La natura non sbaglia mai, e se continuiamo a prenderla sottogamba siamo noi a sbagliare e saremo noi ad estinguerci, con gran sollievo di tutto il creato.
Ma sentite questa, che è veramente una perla. Parliamo della c.d. “gerarchia della beccata”. Esiste una controversia tra gli ecologi in merito alla formazione delle gerarchie nelle specie sociali che usano suddividersi in classi, come regolarmente accade in diverse specie che formino comunità, dai lupi agli elefanti, dalle iene ai gabbiani. In esse c’è un despota indiscusso; “vi è poi - osserva l’Autore – l’individuo inferiore soltanto al despota, che perciò detta legge al resto del gruppo; segue, al terzo posto, l’individuo che subisce imposizioni solo dal despota e dal suo immediato successore, e la gerarchia continua di questo passo sino a comprendere tutti i membri del gruppo”. Anche tale “decreto” di natura è prezioso per la comunità intera (altro che bischerate sull’eguaglianza!) perché - se invece fosse perenne la contesa per il predominio - se ne avvantaggerebbero gli aggressori esterni.

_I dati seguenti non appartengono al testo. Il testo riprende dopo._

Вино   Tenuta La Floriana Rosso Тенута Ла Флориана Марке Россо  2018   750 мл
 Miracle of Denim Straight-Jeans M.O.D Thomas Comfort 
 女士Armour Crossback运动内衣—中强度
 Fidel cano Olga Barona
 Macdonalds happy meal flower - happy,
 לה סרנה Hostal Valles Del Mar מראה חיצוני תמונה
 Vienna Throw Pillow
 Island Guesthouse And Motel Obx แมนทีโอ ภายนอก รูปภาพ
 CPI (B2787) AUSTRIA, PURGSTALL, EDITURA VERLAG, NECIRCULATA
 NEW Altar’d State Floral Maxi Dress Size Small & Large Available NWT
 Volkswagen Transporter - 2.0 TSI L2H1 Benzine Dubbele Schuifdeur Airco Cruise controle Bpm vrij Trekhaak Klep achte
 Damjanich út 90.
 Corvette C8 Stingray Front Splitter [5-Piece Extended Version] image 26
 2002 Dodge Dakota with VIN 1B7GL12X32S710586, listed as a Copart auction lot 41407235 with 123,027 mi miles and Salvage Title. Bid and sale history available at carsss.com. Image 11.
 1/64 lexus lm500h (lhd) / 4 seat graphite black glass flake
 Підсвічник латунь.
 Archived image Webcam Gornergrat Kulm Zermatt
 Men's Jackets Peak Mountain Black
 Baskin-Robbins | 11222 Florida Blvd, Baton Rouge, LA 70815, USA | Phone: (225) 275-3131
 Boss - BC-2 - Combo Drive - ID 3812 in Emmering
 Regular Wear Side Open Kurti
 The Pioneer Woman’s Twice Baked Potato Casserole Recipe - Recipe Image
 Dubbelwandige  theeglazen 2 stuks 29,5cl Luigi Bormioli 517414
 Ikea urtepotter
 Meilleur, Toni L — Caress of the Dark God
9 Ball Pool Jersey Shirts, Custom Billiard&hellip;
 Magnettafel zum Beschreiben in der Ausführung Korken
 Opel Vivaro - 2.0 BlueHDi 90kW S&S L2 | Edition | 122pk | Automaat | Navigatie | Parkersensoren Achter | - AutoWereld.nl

La controversia di cui si accennava riguarda il meccanismo con cui tali gerarchie si formano. V’è una teoria che considera soltanto la “gerarchia della beccata”, per cui l’individuo che riesce a infliggere ai rivali beccate più dolorose, li dissuade da quel momento (se sopravvivono) dal riprovarci, e così via. Fare più male sarebbe quindi l’unico modo per prevalere. L’altra teoria considera invece la capacità di nuocere, dimostrata di fatto, come secondaria, e ritiene prevalenti altri fattori più “sottili”, che gli animali istintivamente percepiscono, nell’accettare la gerarchia.
Che c’è di divertente? C’è che, guarda caso, la prima opinione è portata dalla letteratura americana (caposcuola: W. Allee, di Cicago) e la seconda da scienziati europei, come il Lorenz e lo stesso Tinbergen, che infatti la critica, accusandola di “falsare la valutazione di molti fenomeni”.
Ogni riferimento agli ammazzasette del Pentagono è esattamente voluto, con l’augurio che, a forza di falsare valutazioni, finiscano con l’estinguersi anche loro. A meno che non si decidano a imparare dalle galline.